## [WHAT YOU NEED TO DO]
Please repeat each line from the one holding "Old Huali Wood Inlay Brass Tea Tray" through the final line of the data, exactly as it stands, with no pictures.

## [Entries taken from a collection]
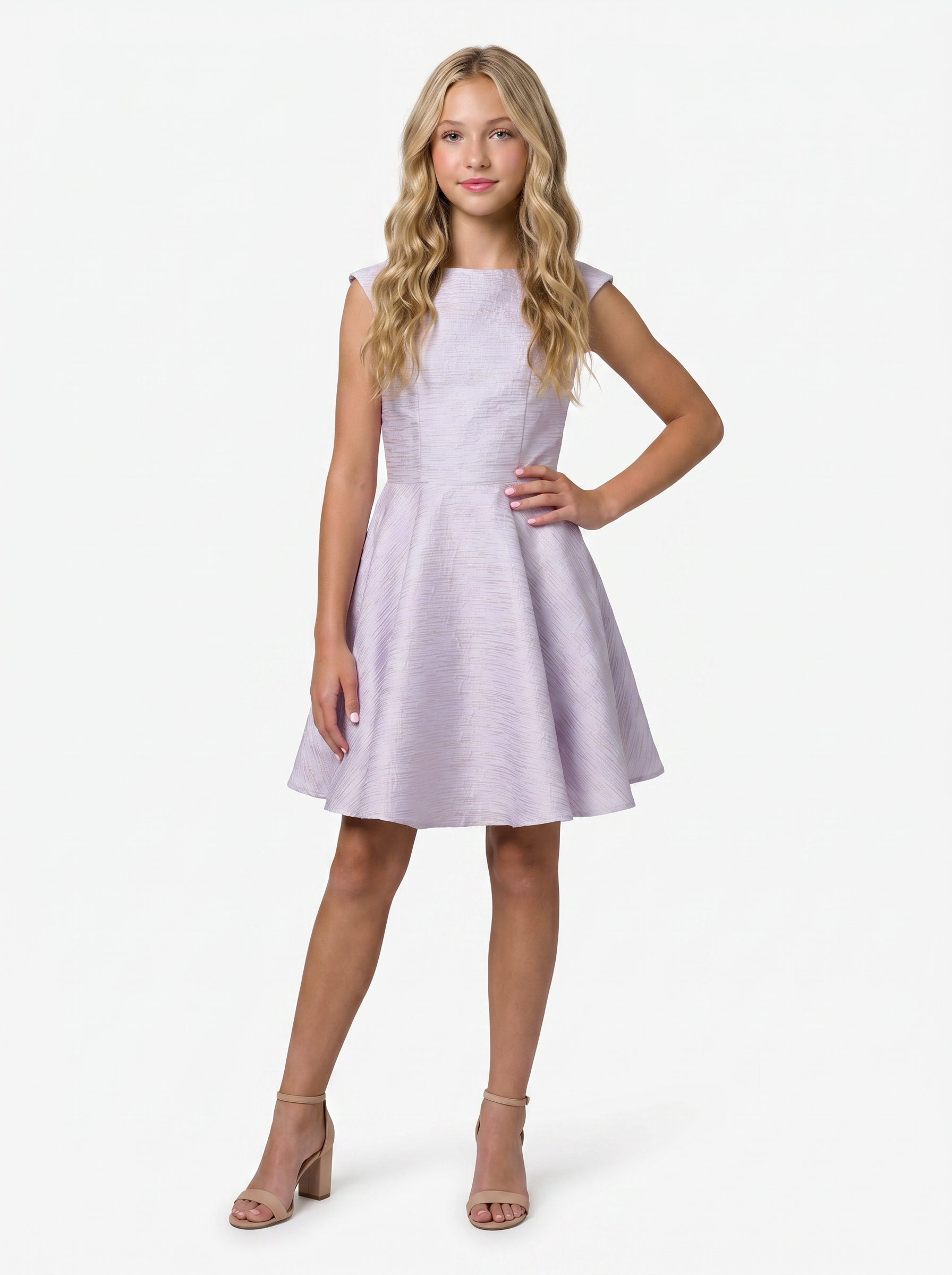 Cap Sleeve Boat Neck Dress In Longer Length 10 / Navy
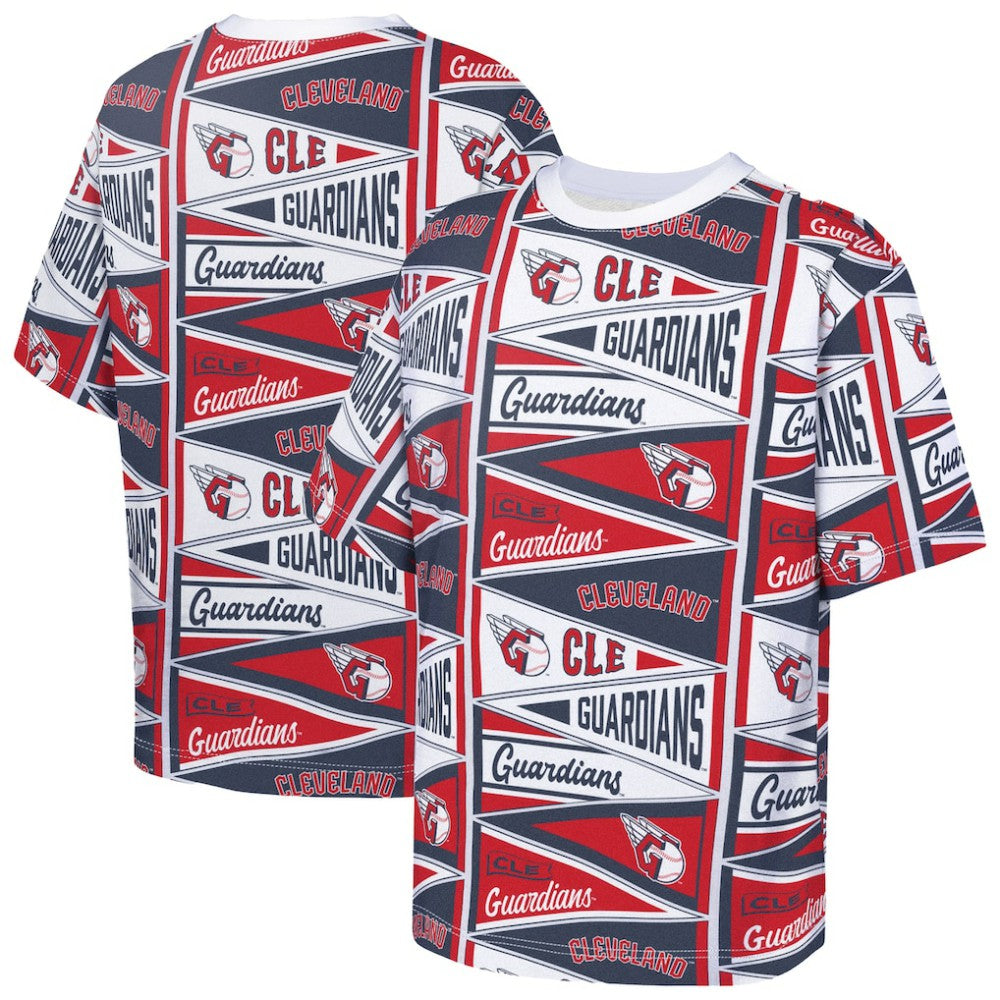 Cleveland Guardians Outerstuff Youth All-Over Pennant T-Shirt - MLB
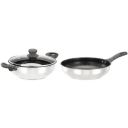 amazon basics DuraKoat 2 pcs Impact Bottom Stainless Steel with Nonstick Coating Cookware Sets...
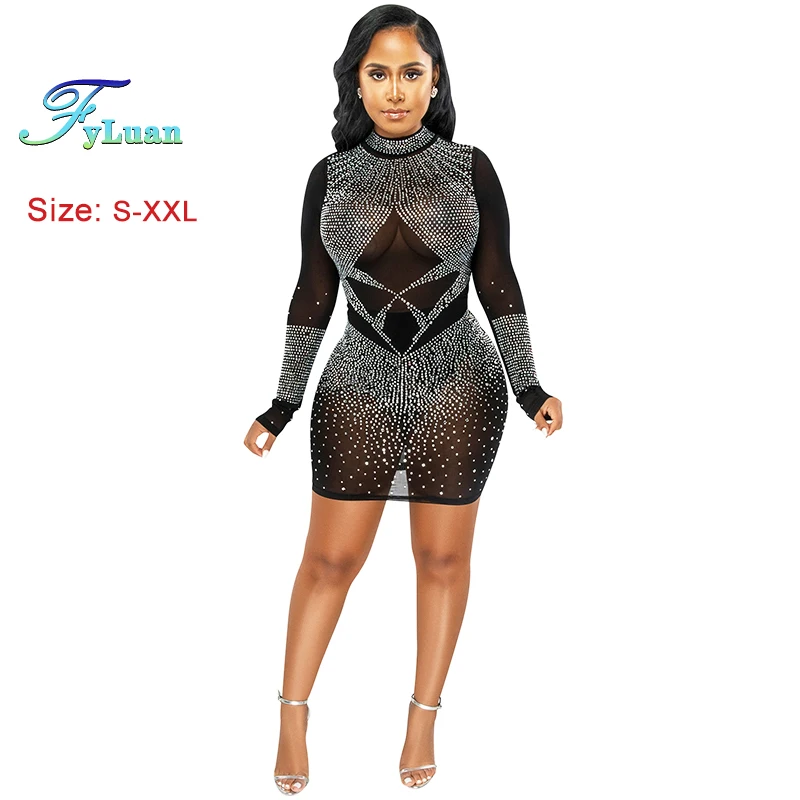 قائمة جديدة المرأة فستان قصير شبكة منظور طويلة الأكمام ضيقة التفاف الورك فستان رسمي حفلة موسيقية عالية مساء عيد ميلاد رداء
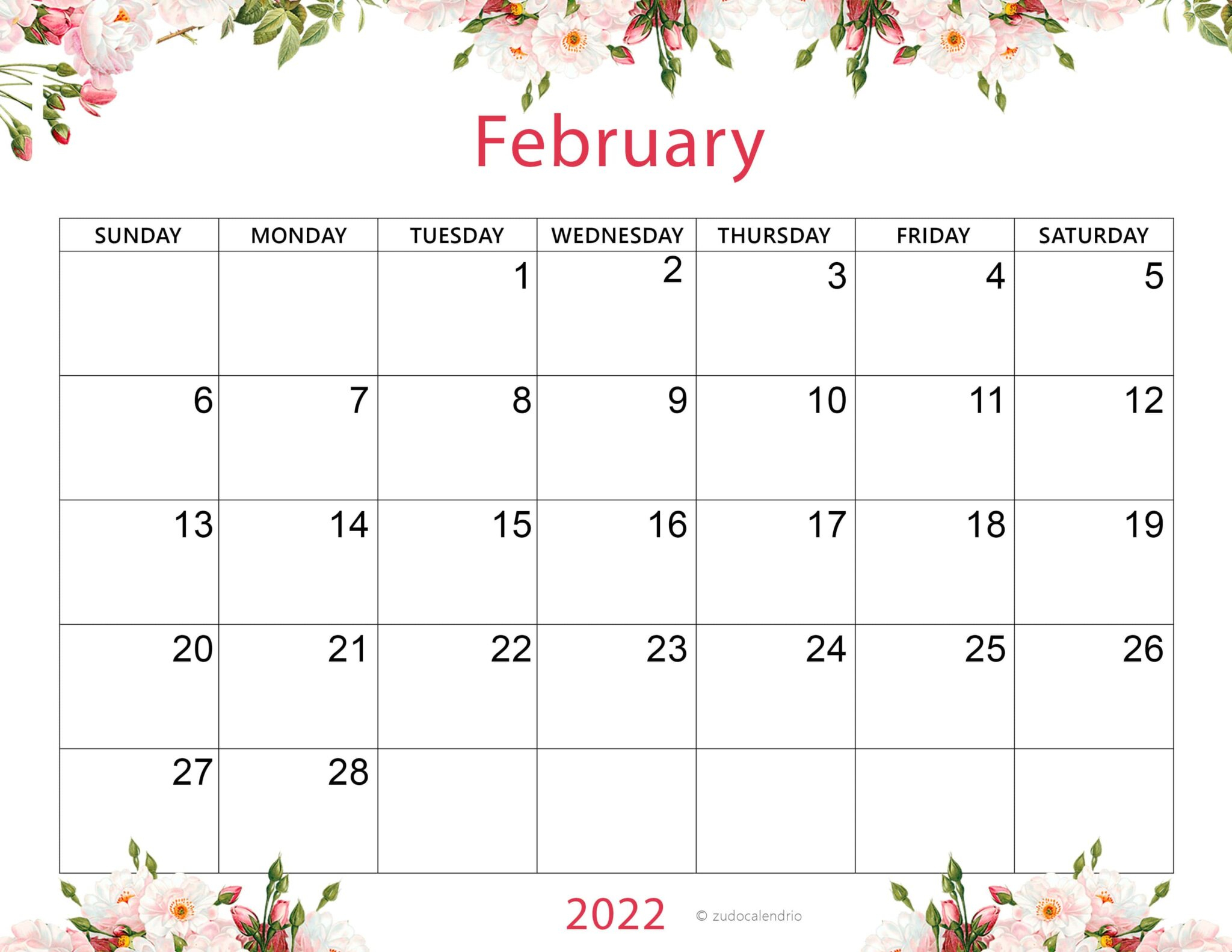 February 2022 Calendar Presidents Day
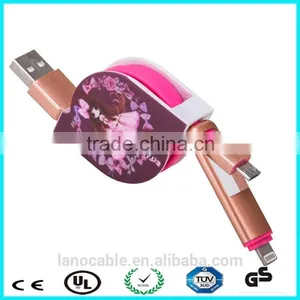 Logo Custom 2 in 1 Retractable USB Charging Cable thumbnail-6
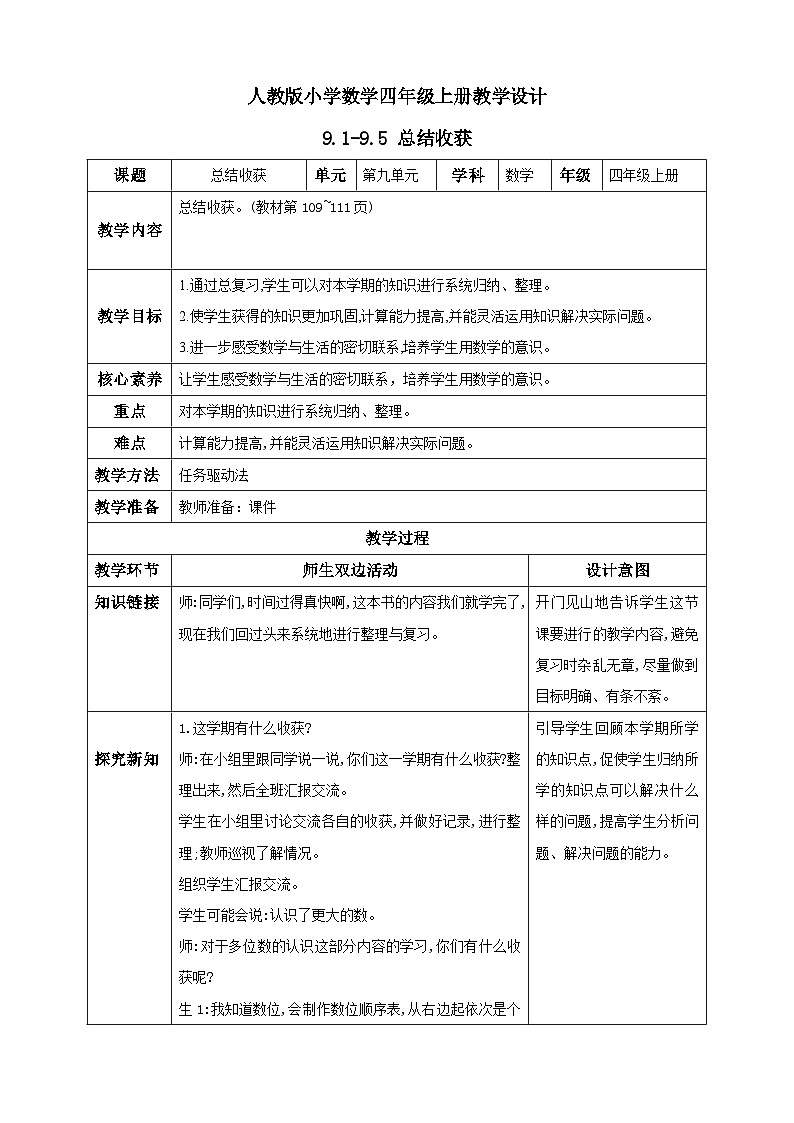 9.1-9.5《總結(jié)收獲》教學(xué)設(shè)計(jì)第1頁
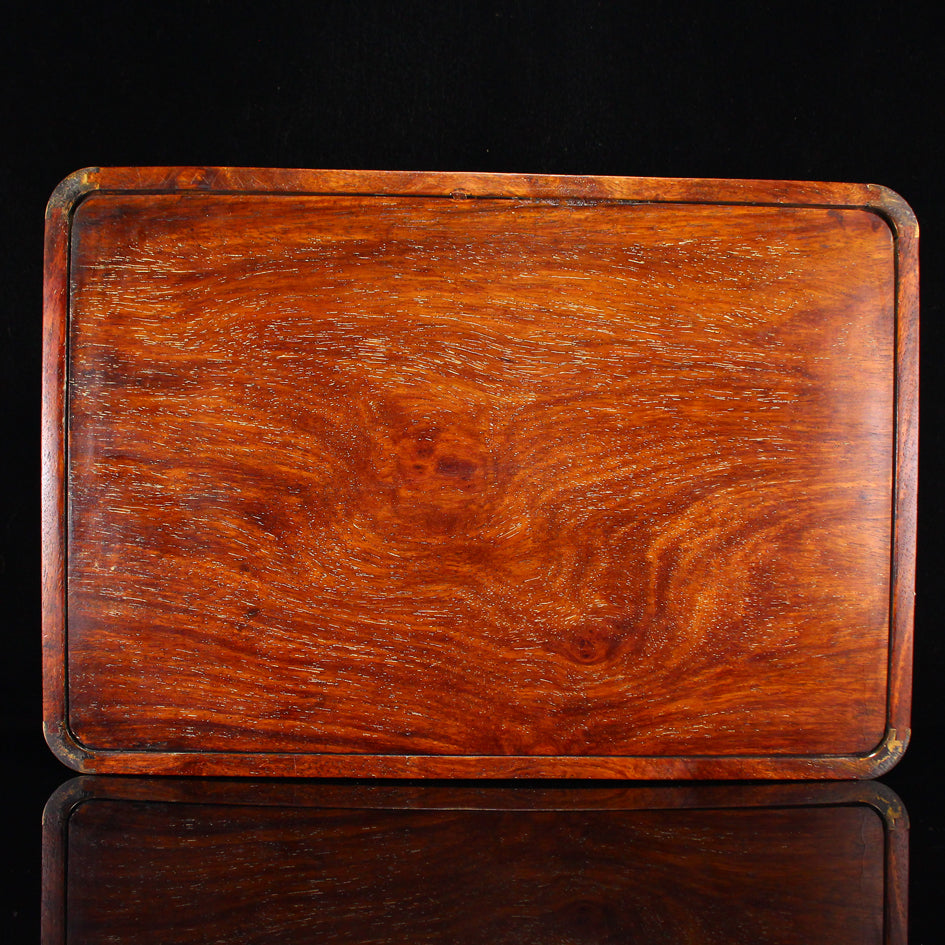 Old Huali Wood Inlay Brass Tea Tray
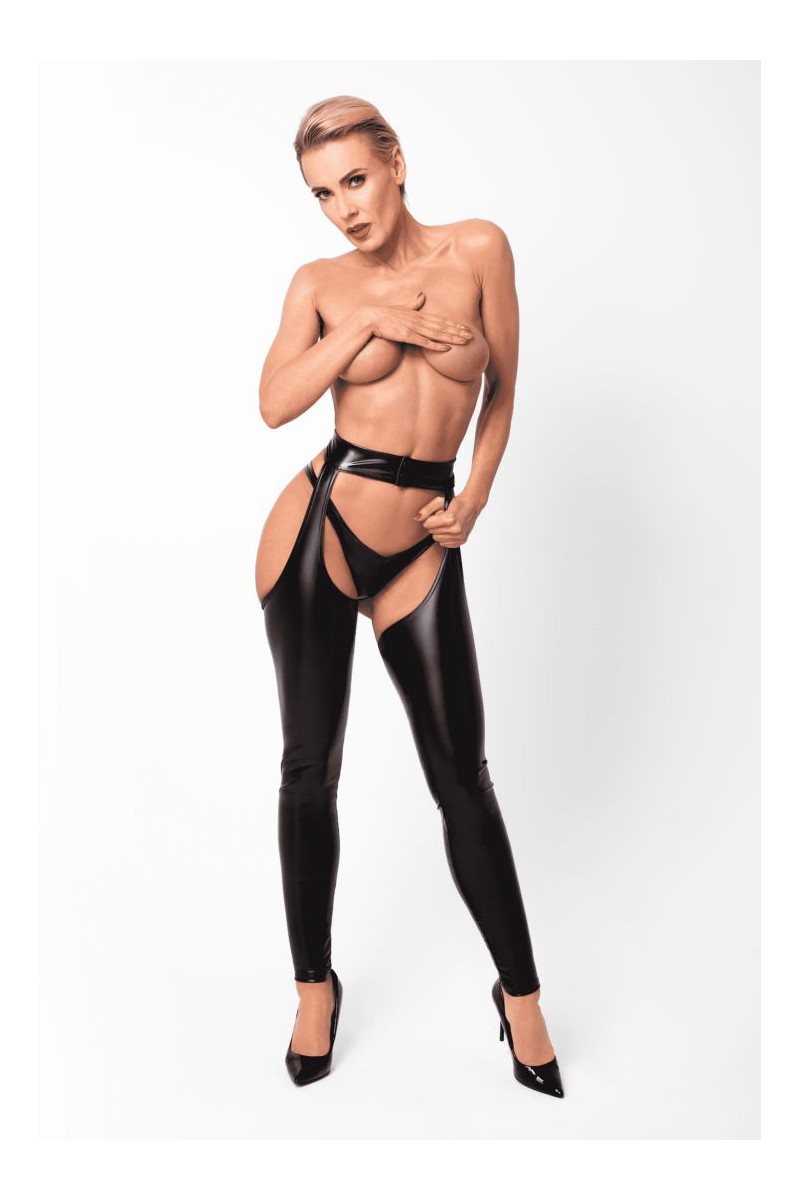 Pantaloni wetlook con dettaglio cut-out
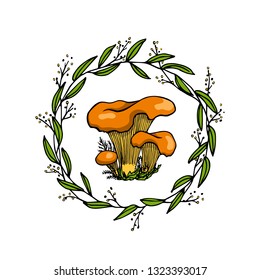 Vector emblem with hand drawn chanterelle mushroom a in floral wreath. Ink drawing, graphic style. Beautiful design elements.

## [SOLUTION]
 Old Huali Wood Inlay Brass Tea Tray
 Pantaloni wetlook con dettaglio cut-out
 Vector emblem with hand drawn chanterelle mushroom a in floral wreath. Ink drawing, graphic style. Beautiful design elements.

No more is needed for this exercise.